Single-family lot that you want to convert to multifamily: SB 9 only. SB 1211 requires an existing multifamily building, not a proposed one. The law explicitly distinguishes between "existing" and "proposed" multifamily lots. On proposed multifamily, the ADU cap is 2, not 8.
The unit math
The density arithmetic breaks differently for each law.
Under SB 9, the maximum output from 1 single-family lot is 4 units. That is the ceiling. You get there through: 2 lots from the split, 2 units on each lot. You cannot layer additional ADUs on SB 9 lots in most cases because the 2-unit-per-parcel cap is a firm statutory limit.
Under SB 1211, the maximum output depends on what is already there. A duplex can go to 5 units (2 existing + 2 detached ADUs + 1 interior). A fourplex can go to 9 units (4 existing + 4 detached + 1 interior). An eight-unit building can go to 18 units (8 existing + 8 detached + 2 interior). The cap scales with existing unit count up to 8 detached, plus 25% interior conversion.
For a small-site developer deciding between acquisition strategies, the math is blunt. A $1.5M single-family house on a large lot under SB 9 produces 4 units. A $1.8M fourplex under SB 1211 produces 9 units. The multifamily acquisition is $300k more expensive and delivers 125% more units.
Permitting and preemption
Both laws are ministerial. Both preempt local discretionary review. Both have 60-day approval deadlines. Both apply statewide.
The enforcement track records are different. SB 9 has been on the books for 4 years and has generated a well-documented body of city resistance, HCD enforcement actions, and case law. Cities tried to impose extra setbacks, minimum lot sizes, owner-occupancy requirements, and historic-district exclusions. Most of these efforts have been struck down by HCD or courts. The permitting path for SB 9 is now reasonably clear in most California jurisdictions.
SB 1211 is 15 months old. The preemption language is tighter than prior ADU law because the legislature learned from 8 years of city resistance to ADUs. But the enforcement record is thin. Expect some cities to test the boundaries. Expect HCD to push back. The path will clarify over 2026 and 2027.
The cost profile
SB 9 projects require more capital per unit delivered. A lot split involves survey work, utility separation, two new building foundations, two new kitchens and full sets of plumbing.

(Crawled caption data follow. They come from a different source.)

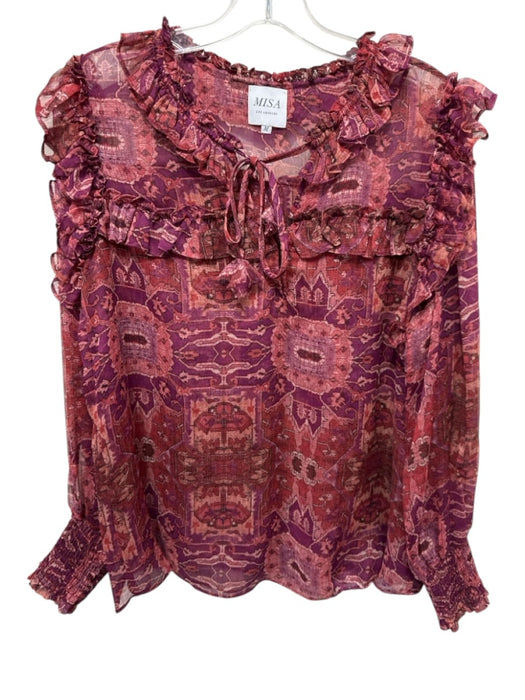 Misa Size M Purple, Red & Black Polyester Long Balloon Sleeve Abstract Print Top Purple, Red & Black / M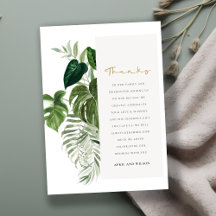 Modern Palm Green Leafy Tropical Foliage Wedding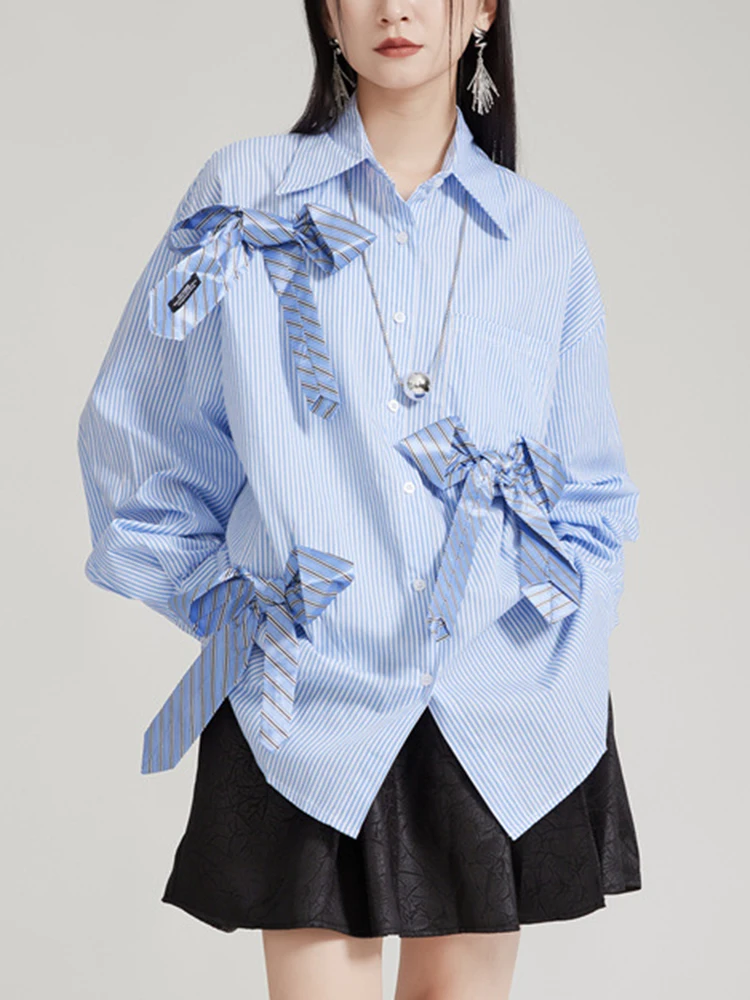 CHICEVER Spliced Striped Bowknot Blouse For Women Lapel Long Sleeve Patchwork Pocket Casual Colorblock Shirt Female Clothing New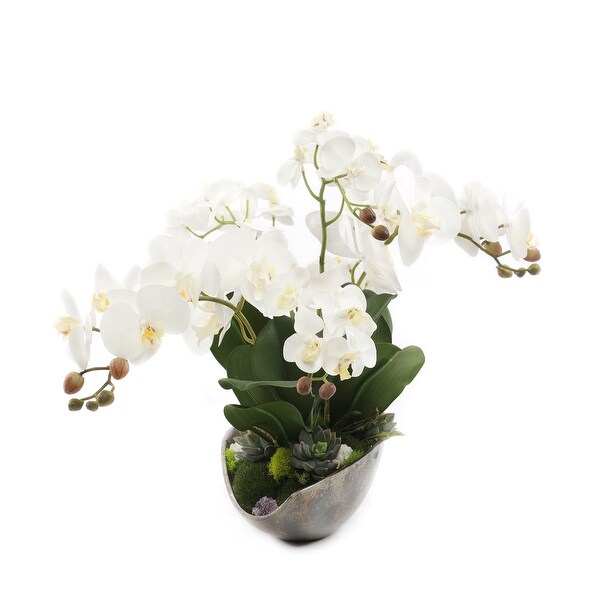 Cream White Orchids Faux Arrangement in Small Metal Tray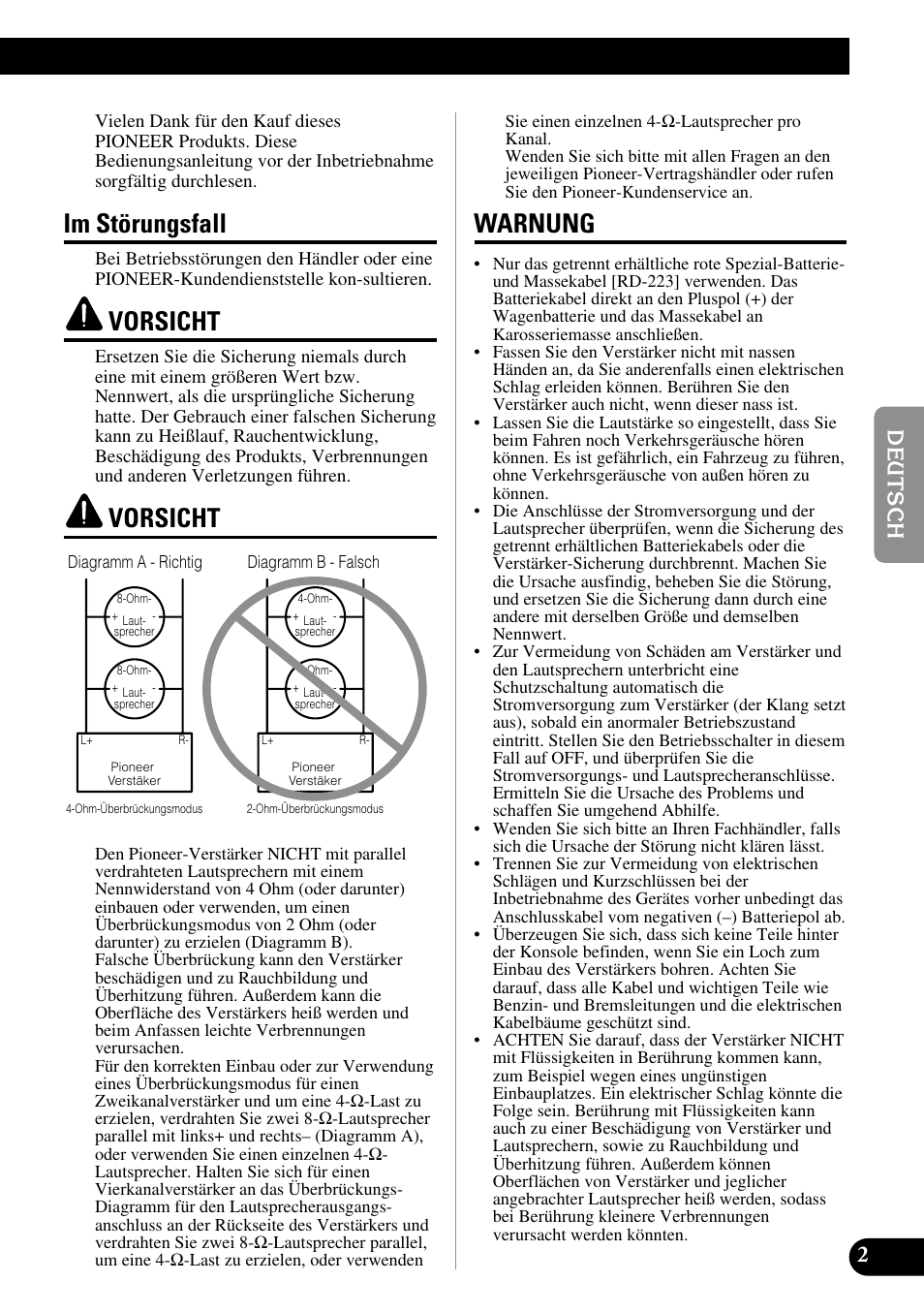 Im störungsfall vorsicht vorsicht warnung, Im störungsfall, Vorsicht | Warnung | Pioneer GM-6200F User Manual | Page 27 / 86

Construction cost for 4 new units on a split lot runs $1.5M to $2.5M depending on market, size, and finish level.
SB 1211 projects are cheaper per unit delivered. The existing multifamily building stays in place and keeps generating rent. New construction is limited to detached ADUs at 800 to 1,200 square feet each, plus interior conversions of existing non-livable space. Construction cost for 4 detached ADUs runs $1M to $2M. Interior conversions run $150k to $300k per unit.
On a per-unit basis, SB 1211 is typically 20 to 40% cheaper to deliver than SB 9. The offset is that SB 1211 requires buying or owning an existing multifamily building, which is a larger upfront capital outlay than a single-family acquisition.
When each strategy makes sense
SB 9 fits investors who:
Can find single-family lots of 5,000 square feet or more in California markets where rents support small infill construction. Have the capital to fund ground-up construction on both parcels. Want clean fee-simple title on the resulting lots, which creates clearer exit paths. Are comfortable with the 3-year owner-occupancy requirement in the statute.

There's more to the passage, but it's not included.